▶ **Work instructions**:
Return all of the data verbatim, dropping any picture.

[[ Raw data open ]]

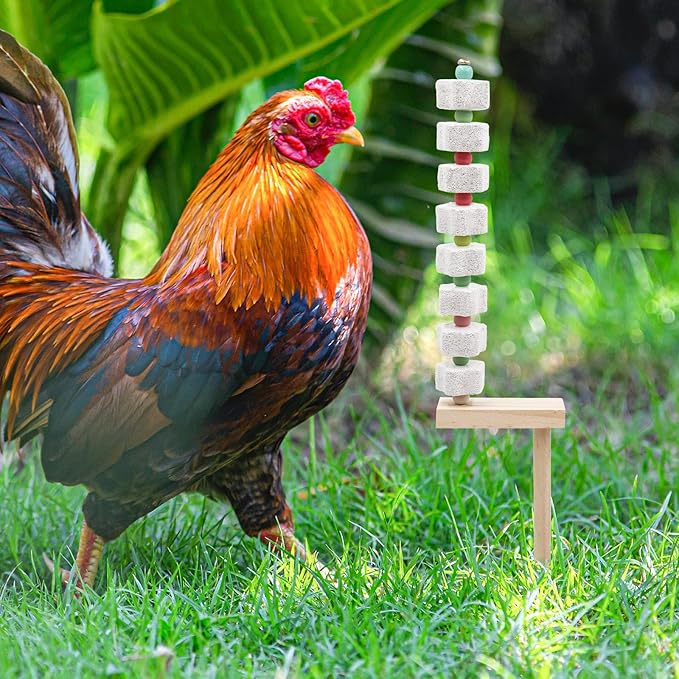 Oooct 2 Pack Chicken Chewing Toy, Chick Beak Grinding Calcium Stone with Wood Stake, Chicken Cage Accessories, Cage Toys for Cockatiel Parakeet Parrot Budgies Rat Hamster Rabbit Bunny African Grey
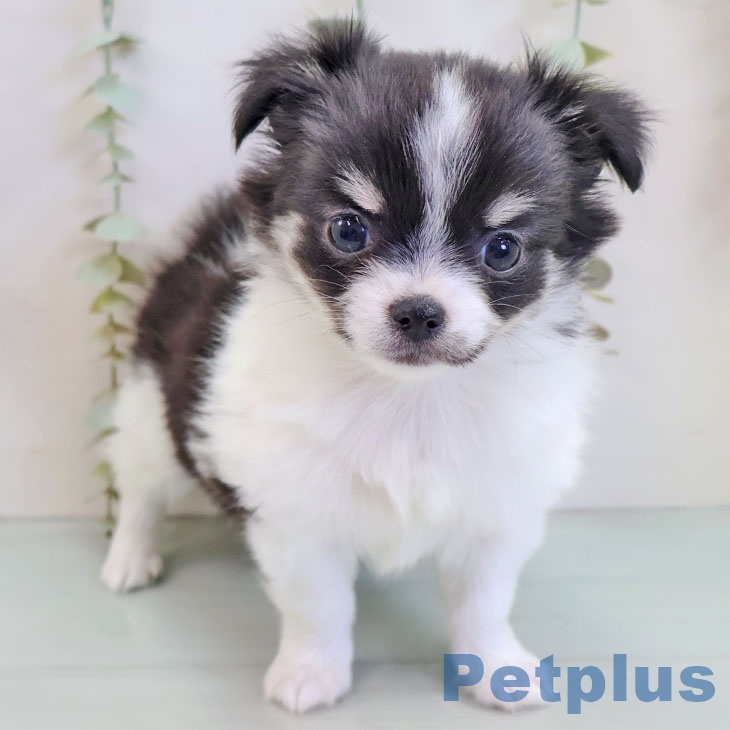 福岡県のチワワ(ロング) (ペットプラス ららぽーと福岡店/2025年10月10日生まれ/女の子/ブラックホワイトタン)の子犬の1枚目の画像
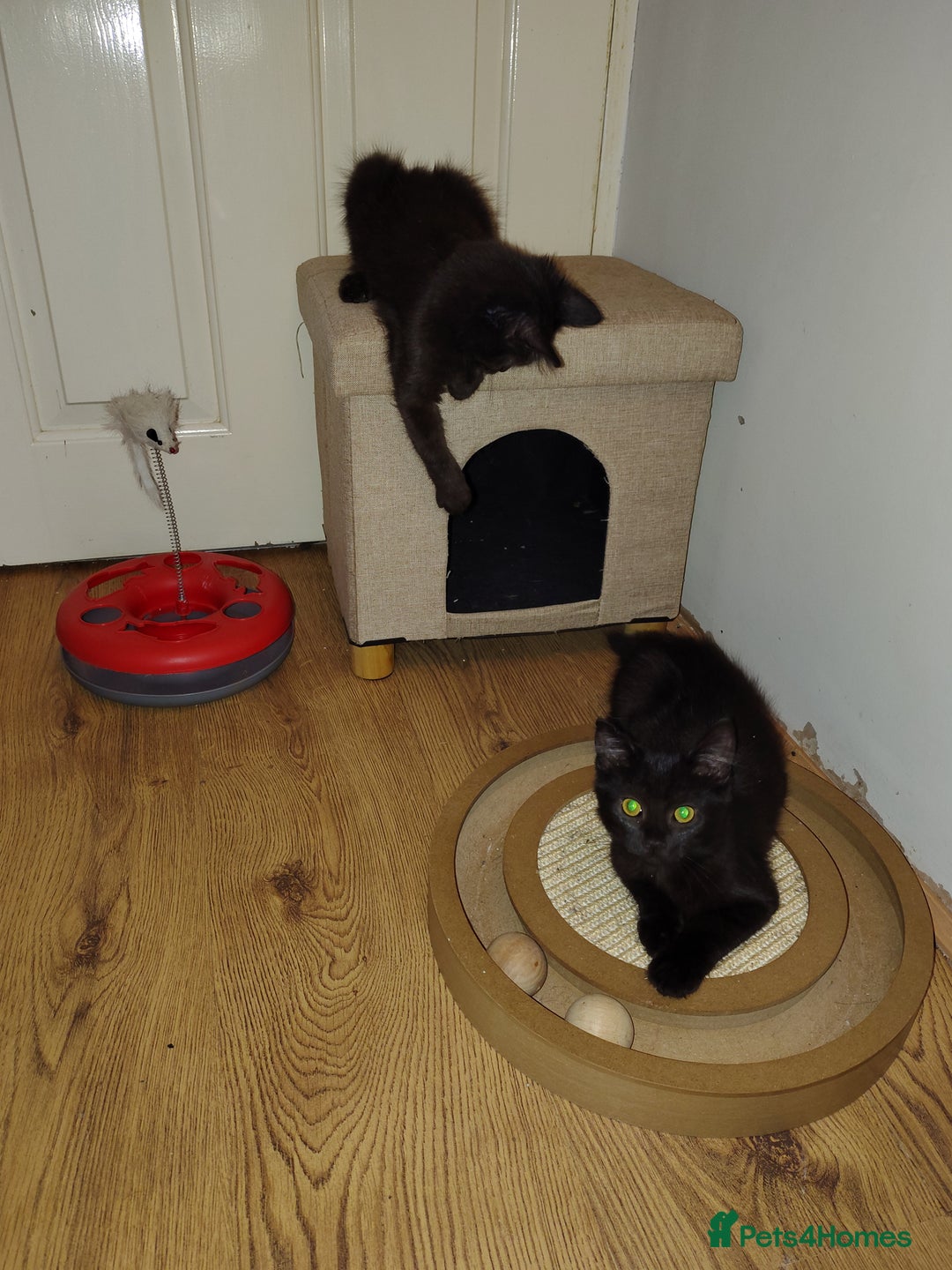 Mixed Breed cats for sale: Black mixed breed kittens - Image 9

[[ Raw data closed ]]

▶ **Task output**:
 Oooct 2 Pack Chicken Chewing Toy, Chick Beak Grinding Calcium Stone with Wood Stake, Chicken Cage Accessories, Cage Toys for Cockatiel Parakeet Parrot Budgies Rat Hamster Rabbit Bunny African Grey
 福岡県のチワワ(ロング) (ペットプラス ららぽーと福岡店/2025年10月10日生まれ/女の子/ブラックホワイトタン)の子犬の1枚目の画像
 Mixed Breed cats for sale: Black mixed breed kittens - Image 9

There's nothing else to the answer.